Items from a data source
------------------------------

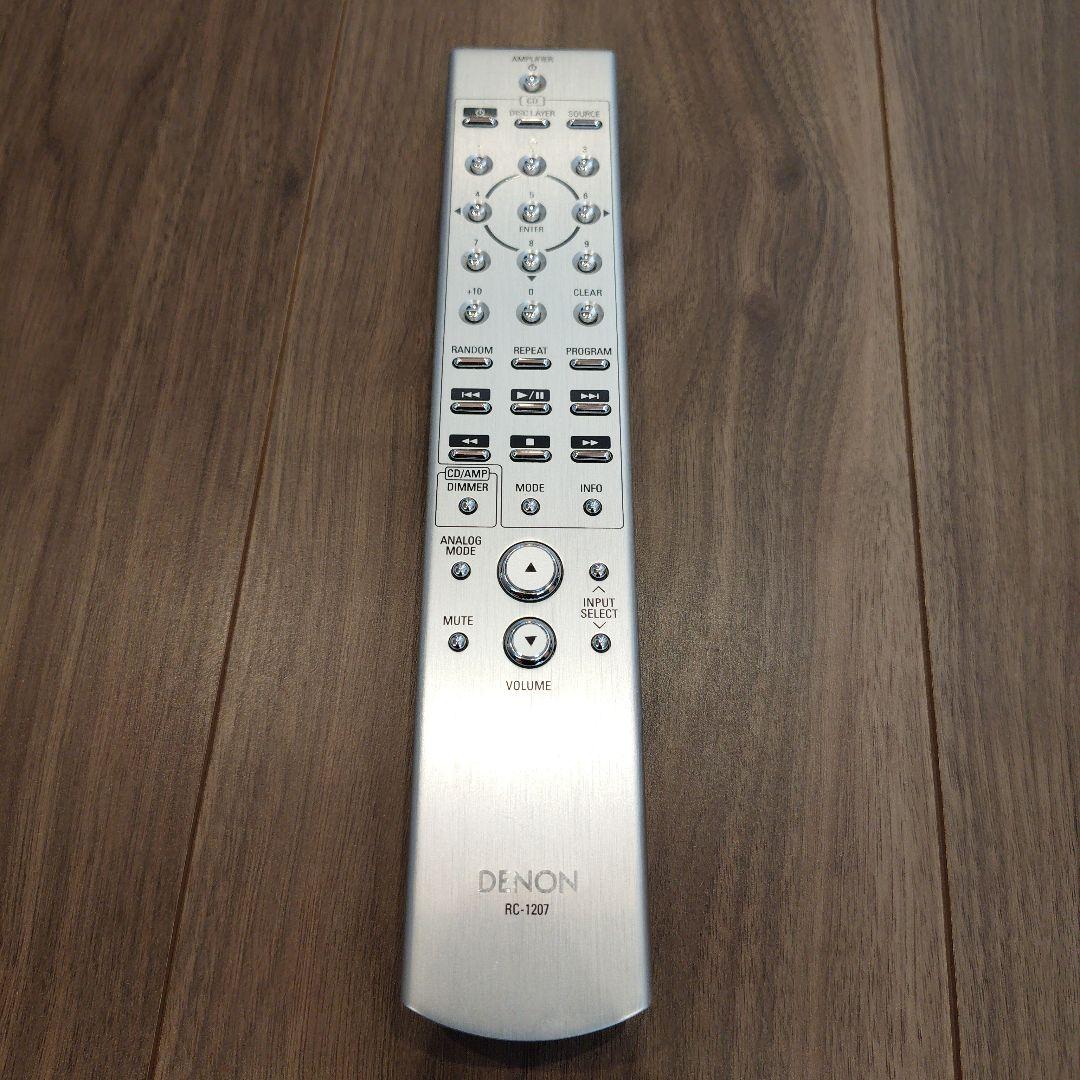 DENON PMA-2500NE デノン プリメインアンプ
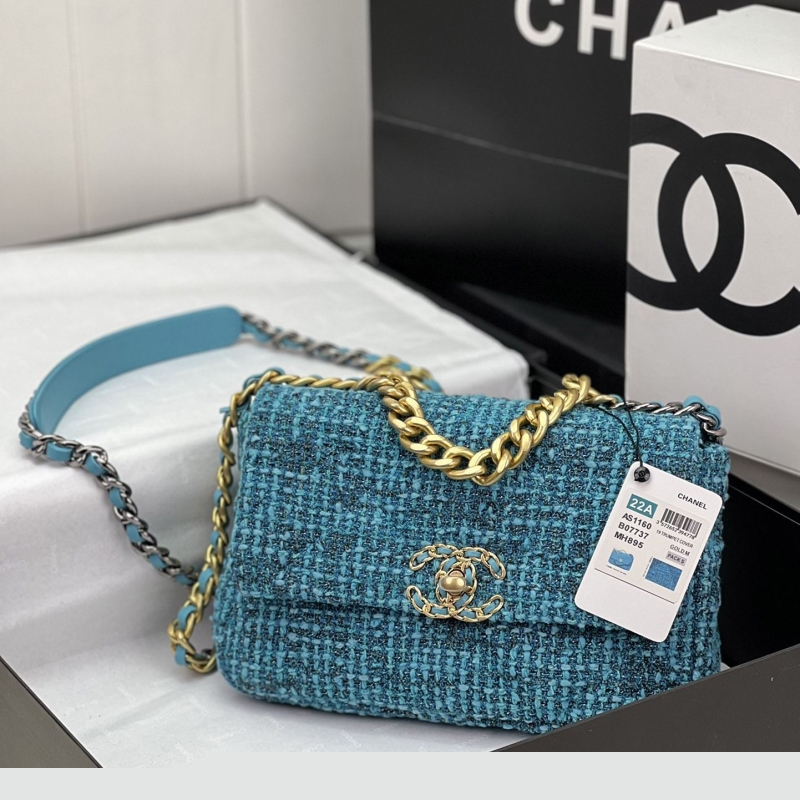 Ch*el 19 bags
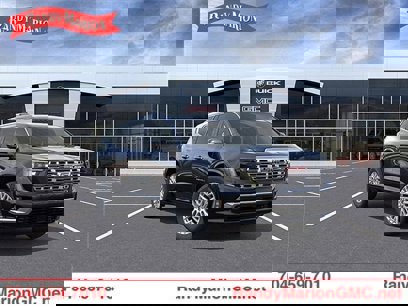 New 2025 GMC Acadia Denali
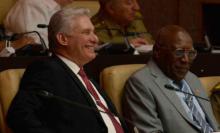 Electo Miguel Díaz-Canel como Presidente de la República de Cuba 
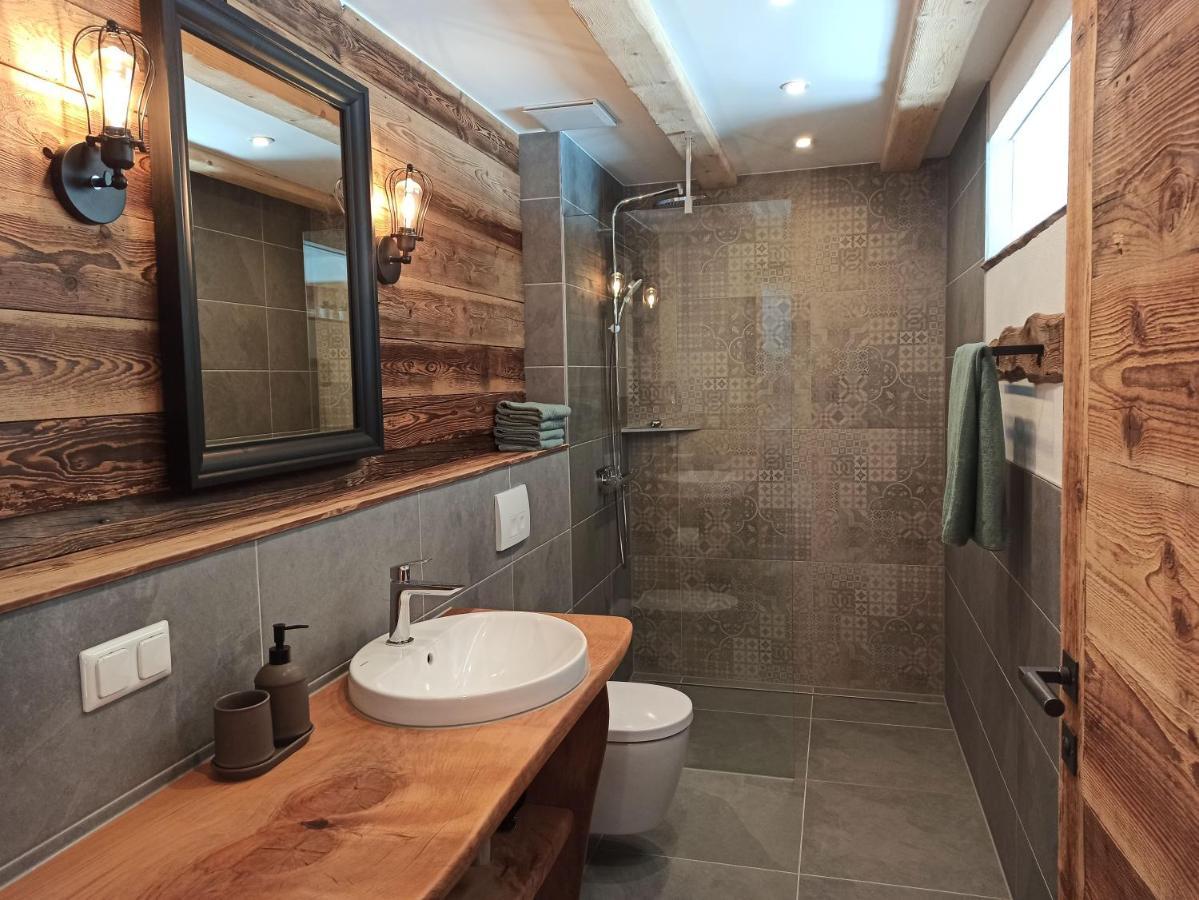 Bergfee Natur Appartements Nesselwängle Екстериор снимка
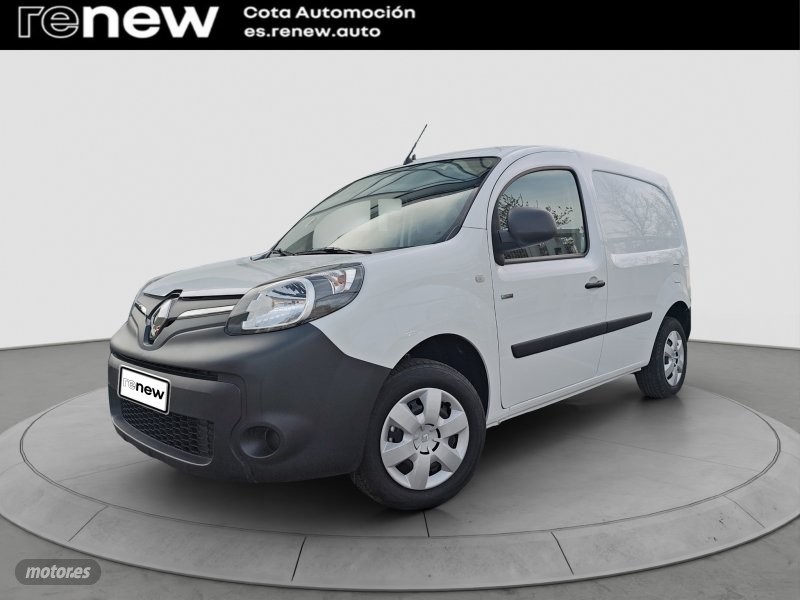 renault kangoo 2021 / 10.000km. foto grande (2)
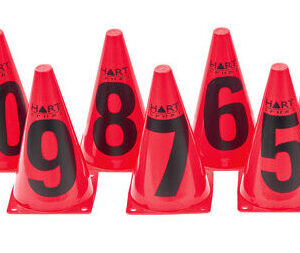 Number Cones with Rings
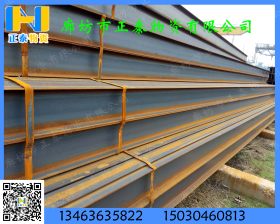 津西 Q235B H型钢 钢桩 支护结构 钢箱 钢梁 钢柱 400*400*12m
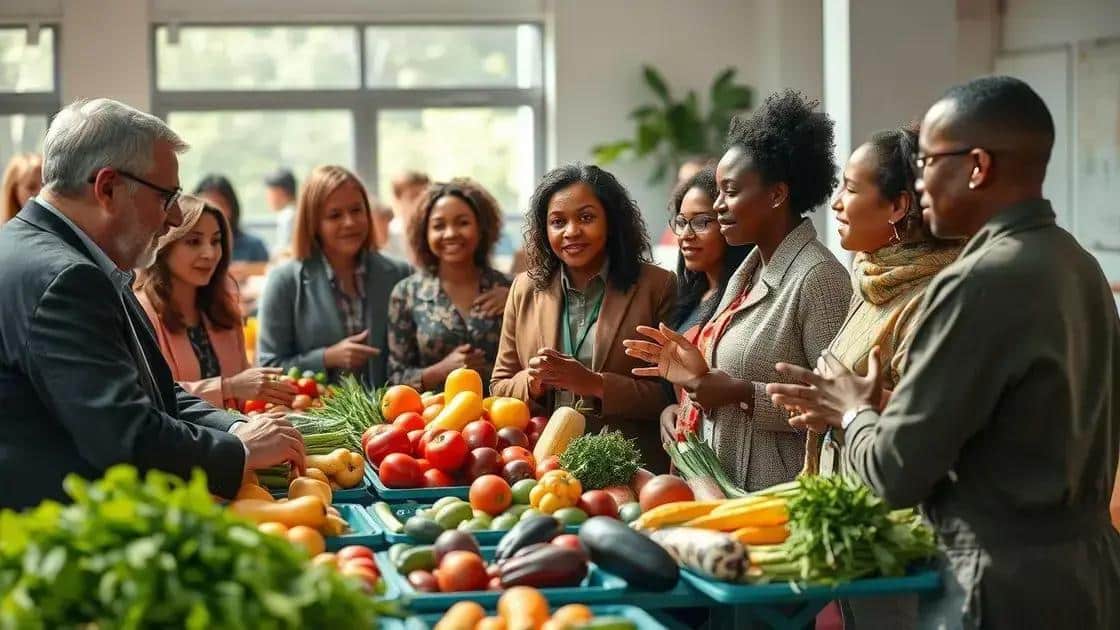 Impact of policy changes on food programs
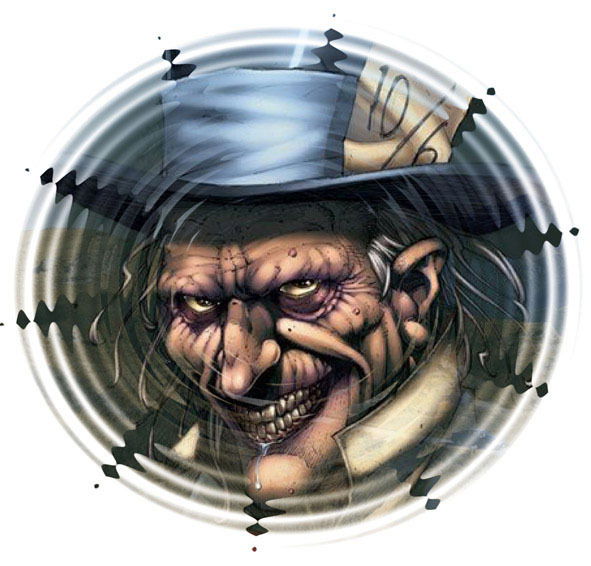 Александр Чурин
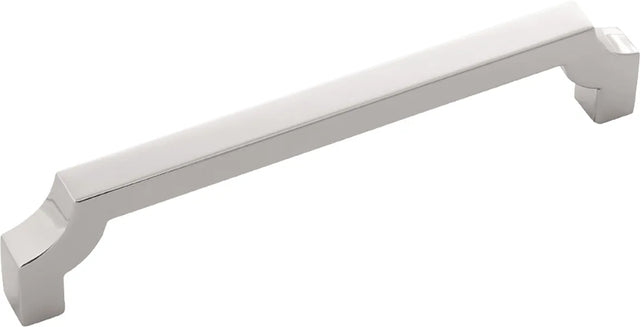 Monarch Collection Pull 5-1/16'' cc Polished Nickel Finish B076642-14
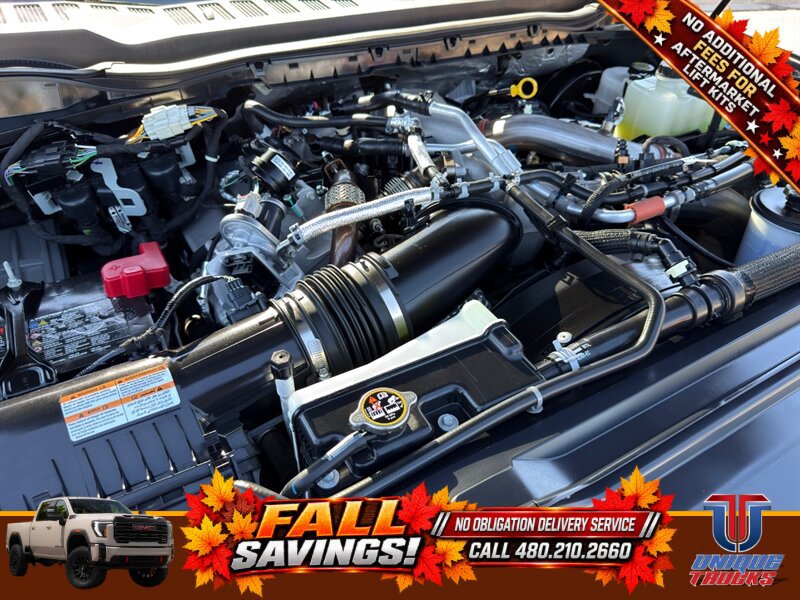 Used 2025 Ford F350 Platinum w/ Platinum Plus Package AWD/4WD image 21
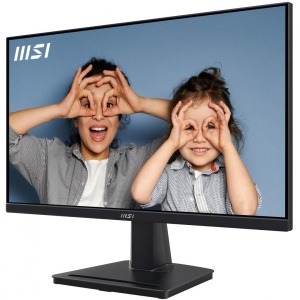 Monitor MSI 21.5" PRO MP225, Diagonal (inch): 21.5, Diagonal (cm): 54.5, Aspect ratio: 16:9, Panel: IPS, Resolution: 1920x1080, Refresh Rate: 100Hz, Response time GtG: 4ms, Response time MPRT: 1ms, Brightness (max): 250 cd/㎡, Contrast (static) : 1300:1, - Img 3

------------------------------

*Required action:* Write each line exactly as it appears, from the line that holds "Monarch Collection Pull" through the closing line of the data above, and leave every picture out.

*Task answer:*
 Monarch Collection Pull 5-1/16'' cc Polished Nickel Finish B076642-14
 Used 2025 Ford F350 Platinum w/ Platinum Plus Package AWD/4WD image 21
 Monitor MSI 21.5" PRO MP225, Diagonal (inch): 21.5, Diagonal (cm): 54.5, Aspect ratio: 16:9, Panel: IPS, Resolution: 1920x1080, Refresh Rate: 100Hz, Response time GtG: 4ms, Response time MPRT: 1ms, Brightness (max): 250 cd/㎡, Contrast (static) : 1300:1, - Img 3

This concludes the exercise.